Советский режим был дряхлым взрослым, а потом пришли времени, которые сентиментов уже не могли себе позволить. Вот я тут переслушал – мне прислали из Канады, уникальные архивные матвеевские записи, в частности, одно из первых исполнений «Юнги». Она потом немножко испортила текст, но вот в изначальном варианте был вопрос: «Зачем ты татуируешь якорь у себя на руке?» Якорь – это символ печали, и его всегда оставляют одного. «Никто не видел как якорь плакал, но он и сам не замечал, поскольку плакал в соленой воде». Вот эту сентиментальность, когда жалеешь якорь, Матвеева сама терпеть не могла, но она это умела.
Она говорила: «Вот, когда я исполняю «Девушку из харчевни», дамы в первых рядах поднимают платочки. Это не моя эмоция, я этого не люблю». Но тем не менее, она умела показать это чувство. Сентиментальность – это показатель силы. Сентиментальность и брутальность ходят рука об руку. Петрушевская – это самый сильный писатель сегодня. Но и самый, конечно, пронзительный, слезный. Умение вызвать слезы – это сила.
Я считаю, что Георгиевская – вообще гениальный автор, и не только для подростков. Не случайно ее выделяла Лидия Корнеевна Чуковская, которая написала о ней неплохой очерк, по первым ее текстам – по «Галиной маме». Она увидела в ней что-то свое.

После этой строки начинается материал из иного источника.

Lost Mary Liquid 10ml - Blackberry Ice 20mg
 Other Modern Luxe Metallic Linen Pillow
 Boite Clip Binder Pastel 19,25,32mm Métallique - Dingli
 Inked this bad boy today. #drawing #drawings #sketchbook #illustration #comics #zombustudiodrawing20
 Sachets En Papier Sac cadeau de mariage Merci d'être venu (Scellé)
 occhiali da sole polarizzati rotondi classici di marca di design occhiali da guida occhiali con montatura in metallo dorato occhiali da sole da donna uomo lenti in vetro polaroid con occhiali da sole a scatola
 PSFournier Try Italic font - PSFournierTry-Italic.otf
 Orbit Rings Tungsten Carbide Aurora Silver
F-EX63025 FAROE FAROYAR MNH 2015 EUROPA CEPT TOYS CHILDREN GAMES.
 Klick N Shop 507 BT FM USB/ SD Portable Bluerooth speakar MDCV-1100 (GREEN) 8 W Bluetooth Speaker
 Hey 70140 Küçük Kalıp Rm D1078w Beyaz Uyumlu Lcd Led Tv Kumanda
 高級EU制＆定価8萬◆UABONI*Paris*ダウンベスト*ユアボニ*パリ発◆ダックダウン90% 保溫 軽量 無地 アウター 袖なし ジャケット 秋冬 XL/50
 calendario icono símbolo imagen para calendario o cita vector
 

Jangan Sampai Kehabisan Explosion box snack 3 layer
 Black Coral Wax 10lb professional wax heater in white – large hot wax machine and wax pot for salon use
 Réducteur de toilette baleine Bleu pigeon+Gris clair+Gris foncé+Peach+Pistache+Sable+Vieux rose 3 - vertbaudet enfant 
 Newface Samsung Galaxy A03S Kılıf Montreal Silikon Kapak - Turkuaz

Насчет сентиментальности Бруштейн не могу сказать. Бруштейн, мне кажется, наоборот очень веселая. Сентиментальной была Вера Инбер в «Как я была маленькой». А Бруштейн – это автор довольно бодрый, довольно, я бы сказал, такой скорее хулиганский, такая Пеппи Длинныйчулок. При том, там, где она говорит о родителях. Вот бы где Фадееву научиться писать лирические отступления.